__Goal of the exercise__. Give back every record that follows, exactly as written.

__Items listed in a dataset__.
══════
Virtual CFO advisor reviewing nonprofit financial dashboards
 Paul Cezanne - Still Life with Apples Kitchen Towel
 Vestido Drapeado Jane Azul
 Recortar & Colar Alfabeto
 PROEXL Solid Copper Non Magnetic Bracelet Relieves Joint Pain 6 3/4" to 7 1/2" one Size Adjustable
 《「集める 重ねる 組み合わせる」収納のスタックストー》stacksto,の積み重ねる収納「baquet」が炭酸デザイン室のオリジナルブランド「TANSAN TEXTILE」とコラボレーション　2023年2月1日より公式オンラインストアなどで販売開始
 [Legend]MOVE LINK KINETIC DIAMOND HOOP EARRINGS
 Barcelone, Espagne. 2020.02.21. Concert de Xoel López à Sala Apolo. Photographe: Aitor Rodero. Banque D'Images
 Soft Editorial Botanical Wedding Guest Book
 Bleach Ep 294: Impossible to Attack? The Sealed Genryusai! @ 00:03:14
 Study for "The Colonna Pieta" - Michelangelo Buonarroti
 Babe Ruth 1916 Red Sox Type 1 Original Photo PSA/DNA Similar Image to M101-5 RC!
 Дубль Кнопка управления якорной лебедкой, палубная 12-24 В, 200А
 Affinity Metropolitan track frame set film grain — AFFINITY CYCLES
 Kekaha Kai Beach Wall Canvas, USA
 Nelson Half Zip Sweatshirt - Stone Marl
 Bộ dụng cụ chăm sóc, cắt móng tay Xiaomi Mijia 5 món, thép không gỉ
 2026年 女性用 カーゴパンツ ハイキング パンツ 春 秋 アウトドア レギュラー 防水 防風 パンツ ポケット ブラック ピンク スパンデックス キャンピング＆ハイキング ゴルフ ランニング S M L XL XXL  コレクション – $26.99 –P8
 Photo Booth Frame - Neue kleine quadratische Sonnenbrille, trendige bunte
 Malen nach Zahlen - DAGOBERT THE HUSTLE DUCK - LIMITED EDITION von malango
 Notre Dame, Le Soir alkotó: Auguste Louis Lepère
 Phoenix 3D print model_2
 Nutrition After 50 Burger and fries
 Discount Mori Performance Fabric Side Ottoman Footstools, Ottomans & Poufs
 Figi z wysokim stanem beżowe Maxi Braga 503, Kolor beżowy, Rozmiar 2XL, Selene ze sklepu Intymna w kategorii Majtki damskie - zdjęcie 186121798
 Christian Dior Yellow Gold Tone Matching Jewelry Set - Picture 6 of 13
══════
__Answer to this problem__.
Virtual CFO advisor reviewing nonprofit financial dashboards
 Paul Cezanne - Still Life with Apples Kitchen Towel
 Vestido Drapeado Jane Azul
 Recortar & Colar Alfabeto
 PROEXL Solid Copper Non Magnetic Bracelet Relieves Joint Pain 6 3/4" to 7 1/2" one Size Adjustable
 《「集める 重ねる 組み合わせる」収納のスタックストー》stacksto,の積み重ねる収納「baquet」が炭酸デザイン室のオリジナルブランド「TANSAN TEXTILE」とコラボレーション　2023年2月1日より公式オンラインストアなどで販売開始
 [Legend]MOVE LINK KINETIC DIAMOND HOOP EARRINGS
 Barcelone, Espagne. 2020.02.21. Concert de Xoel López à Sala Apolo. Photographe: Aitor Rodero. Banque D'Images
 Soft Editorial Botanical Wedding Guest Book
 Bleach Ep 294: Impossible to Attack? The Sealed Genryusai! @ 00:03:14
 Study for "The Colonna Pieta" - Michelangelo Buonarroti
 Babe Ruth 1916 Red Sox Type 1 Original Photo PSA/DNA Similar Image to M101-5 RC!
 Дубль Кнопка управления якорной лебедкой, палубная 12-24 В, 200А
 Affinity Metropolitan track frame set film grain — AFFINITY CYCLES
 Kekaha Kai Beach Wall Canvas, USA
 Nelson Half Zip Sweatshirt - Stone Marl
 Bộ dụng cụ chăm sóc, cắt móng tay Xiaomi Mijia 5 món, thép không gỉ
 2026年 女性用 カーゴパンツ ハイキング パンツ 春 秋 アウトドア レギュラー 防水 防風 パンツ ポケット ブラック ピンク スパンデックス キャンピング＆ハイキング ゴルフ ランニング S M L XL XXL  コレクション – $26.99 –P8
 Photo Booth Frame - Neue kleine quadratische Sonnenbrille, trendige bunte
 Malen nach Zahlen - DAGOBERT THE HUSTLE DUCK - LIMITED EDITION von malango
 Notre Dame, Le Soir alkotó: Auguste Louis Lepère
 Phoenix 3D print model_2
 Nutrition After 50 Burger and fries
 Discount Mori Performance Fabric Side Ottoman Footstools, Ottomans & Poufs
 Figi z wysokim stanem beżowe Maxi Braga 503, Kolor beżowy, Rozmiar 2XL, Selene ze sklepu Intymna w kategorii Majtki damskie - zdjęcie 186121798
 Christian Dior Yellow Gold Tone Matching Jewelry Set - Picture 6 of 13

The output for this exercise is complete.